Static Linkers

Upshot: modern languages should not bother trying to interface with the operating system's static linker (the dynamic linker is a different story).

Most operating systems define the format for dynamically linked libraries (.dll's, .so's, .dylibs, etc). This makes sense, since one frequently needs to dynamically link code written in one language into a program written in another; therefore the operating system (rather than the language or compiler) is the natural choice for setting the rules.

I'm not convinced that the same argument works for statically linkage (.a, .o). Notably, Java completely eschews support for statically linked libraries – and I think it is much better off as a result.

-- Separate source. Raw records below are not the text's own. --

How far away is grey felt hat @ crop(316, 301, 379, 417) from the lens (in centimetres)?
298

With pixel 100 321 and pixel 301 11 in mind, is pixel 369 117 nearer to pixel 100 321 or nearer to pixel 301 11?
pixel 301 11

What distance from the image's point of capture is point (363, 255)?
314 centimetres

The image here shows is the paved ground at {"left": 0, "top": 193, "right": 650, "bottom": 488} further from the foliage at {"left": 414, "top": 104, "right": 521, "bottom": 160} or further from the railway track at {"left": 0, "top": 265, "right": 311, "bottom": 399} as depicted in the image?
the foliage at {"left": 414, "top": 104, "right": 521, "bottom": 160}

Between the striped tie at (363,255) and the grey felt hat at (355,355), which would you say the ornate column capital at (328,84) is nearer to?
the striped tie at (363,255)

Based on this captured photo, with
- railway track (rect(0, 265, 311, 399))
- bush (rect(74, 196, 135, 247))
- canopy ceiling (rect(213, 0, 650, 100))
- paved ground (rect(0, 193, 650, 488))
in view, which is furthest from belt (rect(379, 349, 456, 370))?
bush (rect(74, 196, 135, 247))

Static linkage exists mainly because of separate compilation, which in turn exists for two reasons:

  1. Programmers don't want to recompile their whole program when they change only part of it.

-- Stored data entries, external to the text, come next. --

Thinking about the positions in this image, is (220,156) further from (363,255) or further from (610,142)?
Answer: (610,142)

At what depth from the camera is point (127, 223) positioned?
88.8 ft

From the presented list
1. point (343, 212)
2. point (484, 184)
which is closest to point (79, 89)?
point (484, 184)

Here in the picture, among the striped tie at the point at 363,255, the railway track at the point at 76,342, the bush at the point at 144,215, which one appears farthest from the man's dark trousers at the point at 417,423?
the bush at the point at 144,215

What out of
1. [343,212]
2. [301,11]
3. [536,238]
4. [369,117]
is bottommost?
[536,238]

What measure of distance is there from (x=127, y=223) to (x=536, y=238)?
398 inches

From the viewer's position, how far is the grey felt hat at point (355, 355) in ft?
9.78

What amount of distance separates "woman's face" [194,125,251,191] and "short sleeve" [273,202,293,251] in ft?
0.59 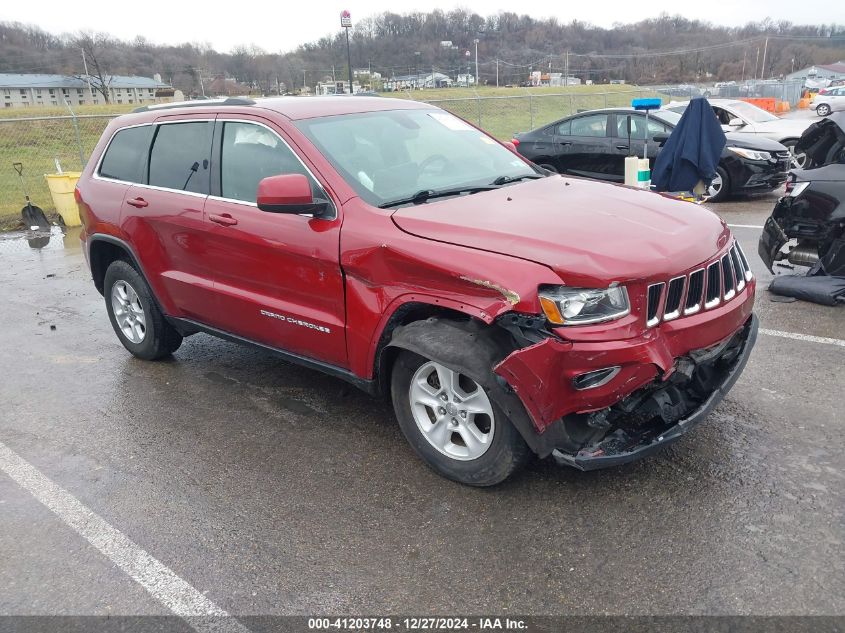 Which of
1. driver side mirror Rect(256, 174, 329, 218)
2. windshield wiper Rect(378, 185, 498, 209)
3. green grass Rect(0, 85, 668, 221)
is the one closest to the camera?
driver side mirror Rect(256, 174, 329, 218)

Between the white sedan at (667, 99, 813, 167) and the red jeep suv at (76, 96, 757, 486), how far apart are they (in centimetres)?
1029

  2. Many compiler algorithms are superlinear in the size of the unit being compiled.

The results of the separate compilations are combined using a static linker. Most languages use the operating system's static linker, and therefore must use the operating system's output-of-separate-compilation format. In my opinion this has caused massive headaches for sophisticated languages like, say, Haskell. Haskell has so much information it needs to store in the output-of-separate-compilation result (types, etc) that it produces an entire extra file (the .hi file) alongside the .o file. This litters the filesystem with junk and leads to a mess of problems when these files get out of sync.

Java dodged this completely by simply defining its own output-of-separate-compilation format (.class files) and declaring that any linking of Java programs to non-Java programs needed to be done via dynamic linkage. This was a great decision and freed Java from the numerous and obnoxious limitations of .o-file formats designed in the 1970's for languages like C.

Side note: I suppose that technically Java does its “static linking” at runtime because it is a JITted platform, but this is a largely orthogonal point. GCJ, for example, can “statically link” a bunch of .class files into an executable.

An Alternative

There is a “third way” that I haven't seen implemented yet: have the language define its own output-of-separate-compilation format, and provide tools that translate both to and from the operating system's output-of-separate-compilation format. The tool which translates back will almost certainly need some sort of handwritten “interface file” to explain how assembler-level symbols should be exposed in the higher level language, so this pair of tools won't “round-trip” without additional effort. But it would satisfy those few people who need static-linkage speed (or simplicity) in multi-language projects.

It would probably make sense for this tool to work on both static and dynamically linked libraries – e.g. for Haskell, export a compiled Haskell library as either a .o or .so and (with the help of an interface file) import a non-Haskell library from either an .o or .so.